Recently, I read about a construction contractor in Los Angeles caught in the middle of litigation between its subcontractors and the city, on behalf of the subcontractor’s former employees. According to the employees, the subcontractors had allegedly promised to pay them the prevailing wage for that area of $49.00 per hour, but had only paid them $5.00 to $8.00 instead. Ultimately, the complaint focused on the subcontractors’ falsification of records and misclassification of employees, and related city and state law violations, rather than which rate was the real “regular rate” for FLSA purposes: the proper $49.00 per hour prevailing wage rate the subcontractors had promised, or the actual $5.00 to $8.00 rate they paid. But what if the employees had sought overtime based on the higher rate? Would dressing up a breach of contract claim as one for overtime under the FLSA have worked?
Recently, the Tenth Circuit answered this question in an FLSA collective action. Hundreds of current and former employees of the Jefferson County, Colorado Sheriff’s Department sued the county alleging that they did not receive the proper overtime rate under the FLSA. The dispute centered on what the employees’ true “regular rate” was for purposes of overtime calculations under the FLSA. According to the employees, they received a lower regular rate (from which the county then calculated their overtime rates) than the rate that the county promised to pay them in salary schedules it had posted. The employees claimed that their “regular rates” for the purposes of the FLSA were the promised rates, not the actual rates they received in their paychecks. The employees sued to recover the difference between the overtime payments they actually received and the overtime payments they would have received if they had received the higher, promised rate. The district court agreed with the employer that the promised rates were never made part of the budget the country had adopted and the plaintiffs had presented no facts to demonstrate some other promise to pay the higher rates, and dismissed the complaint.

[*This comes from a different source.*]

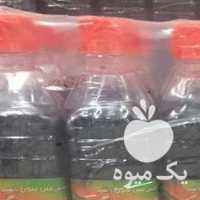 فروش آبمیوه طبیعی آب آلبالو ،  انار ،  زرشک ،  پرتقال ،  هلو در تهران در گروه خرید فروش عمده چوب- زغال چوب گردو تبریزی خام در یکمیوه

On appeal, the Tenth Circuit saw through the breach of contract wolf in the FLSA sheep’s clothing, explaining that the FLSA is not “an all-purpose vehicle to resolve wage disputes between employers and their employees” and holding that the employees failed to state a claim for unpaid overtime. Back in 1944, in an early FLSA decision, the Supreme Court explained that the regular rate is based on “the hourly rate actually paid for the normal, non-overtime workweek.” Citing this case and its own precedent, the Tenth Circuit reasoned that even if the promised rates were relevant to an express or implied employment contract (perhaps to a breach of contract claim, though the court didn’t elaborate), they “are not controlling, because the regular rate is an ‘actual fact,’ rather than ‘an arbitrary label chosen by the parties.’”
Setting aside breach of contract or other equitable theories, this case illustrates the basic principle that under the FLSA, non-exempt employees are entitled to overtime pay based only on their “regular rates.” Absent a collective bargaining agreement or some other specific but rare situations, that regular rate will be based on the one an employer actually pays for straight time work, not some other promised rate.